I also really, really, really like Amy and Roger. They are both such real characters and you really get to know them as you read the book. They are really the only two characters in the book. Sure, wherever they go, they meet new people or see friends of Roger’s or meet Amy’s twin brother but the focus is on the two of them and the sort of physical and emotional journey that they go through together. And there’s nothing about it that seems forced. You don’t spend the entire book wondering if they’re going to “get together”; you just watch as they become friends, as Amy deals with her father’s death and Roger deals with a hard break up. Honestly, the entire book I was really rooting for their friendship because both of them needed a friend super badly. You root for them the entire way because they’re so real and familiar that they could be your own best friend.
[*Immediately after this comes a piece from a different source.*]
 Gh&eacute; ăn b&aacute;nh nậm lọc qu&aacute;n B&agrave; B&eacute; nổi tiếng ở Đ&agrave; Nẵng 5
Oh, and Roger’s obsession with history and explorers and Amy’s obsession with musicals. Again, something that makes them real. I think authors often times, and this includes myself…we forget that these people need to be real. We get so obsessed with our characters and what they are doing inside the story that we forget that they exist outside the story too. We forget that they existed before page one and continue to exist after the last page and so we don’t always build those strong, lasting personalities. I can picture Amy in school musicals, or dancing around her room, listening to Rent or Wicked or whatever. I can picture Roger bent over a textbook, reading about Magellan or Vasco de Gama. Just further work that Matson did to make these characters memorable.
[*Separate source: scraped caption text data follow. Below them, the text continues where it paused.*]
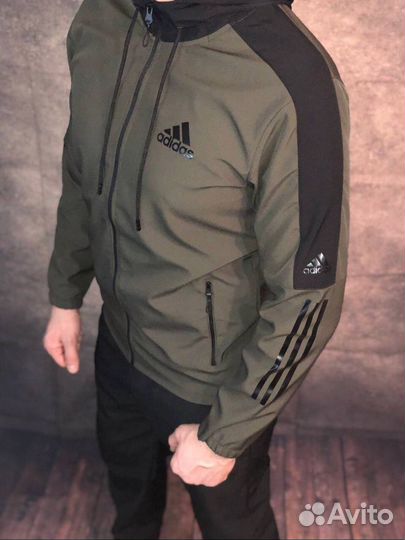 Спортивный костюм мужской Adidas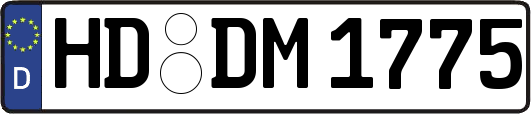 HD-DM1775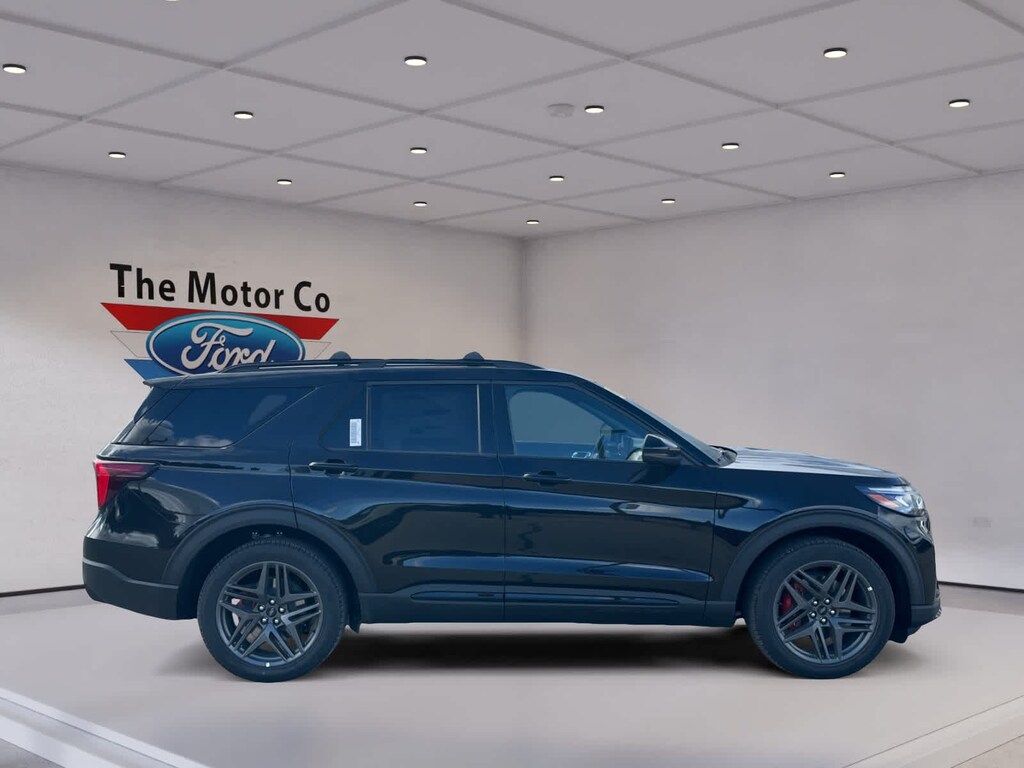 New 2025 Ford Explorer ST SUV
I love the other characters that pop up as Roger and Amy make their trip. I liked meeting Bron and Leonard at Colorado College, and Drew and Walcott in Kansas, and just the smaller people in between. Its just a great road trip story. Road trips are often told as a double journey. There’s the actual physical journey that they take, and then there’s the internal journey as well, whether its mental or emotional or whatever. And Matson nails that so well. You can see as Roger and Amy hit each stop, and meet new people or rehash with people they already knew, that they are changing. Its very subtle though, not cheesy, not cliche. Its a build up of change and when the changing occurs, its slow and not in your face obvious. Its very subtle which makes it that much more of an enjoyable read.
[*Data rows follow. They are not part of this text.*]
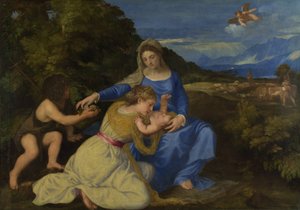 La Vierge et l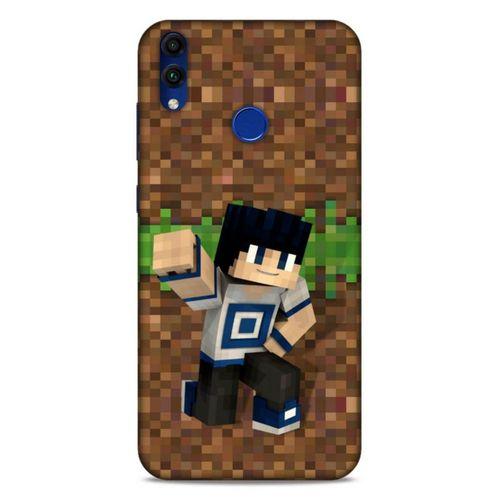 Lopard Huawei Honor 8C Uyumlu Kılıf PiXel (41) Tank Kılıf Bob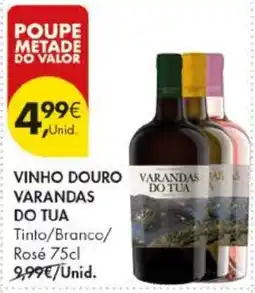 Pingo Doce vinho douro varandas do tua promoção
Lastly, I like the kind of scrapbook feel that she gives to it. There’s receipts from places, photos, brochures, etc. It really lends more to the road trip feel, like you are there in the car with them, experiencing this at the same time. I also really love the road trip playlists because they are little hints at maybe what the author listened to when she went on the road trip, or what inspired her, or why she wrote about different places, etc. Most authors release book playlists, a list of songs that they listened to while they wrote that particular book but I like this better. More authentic :) And the songs were always a nice little mix of what I like to listen to and what my boyfriend likes to listen to so that always made me laugh to see one of my favorite bands on the same mix as one of his. Those were really fun. In the beginning, they’re all Roger’s playlists too, and as Amy comes more out of her shell, and starts sharing her own music, she has playlists as well, which runs nicely along with the story. Brilliant.


5 out of 5 Stars

Recommended or Not? 

Definitely. Go out and pick it up now. You really won’t regret. Stick it in that beach bag and soak in the rays while reading this perfect summer novel. I also definitely recommend her second novel, Second Chance Summer, if you’re looking for a good summer read.

Morgan Matson will be on tour this month, for the Summer Lovin’ Tour, with fellow YA authors, Jenny Han and Jessi Kirby. Hopefully its in a city near you!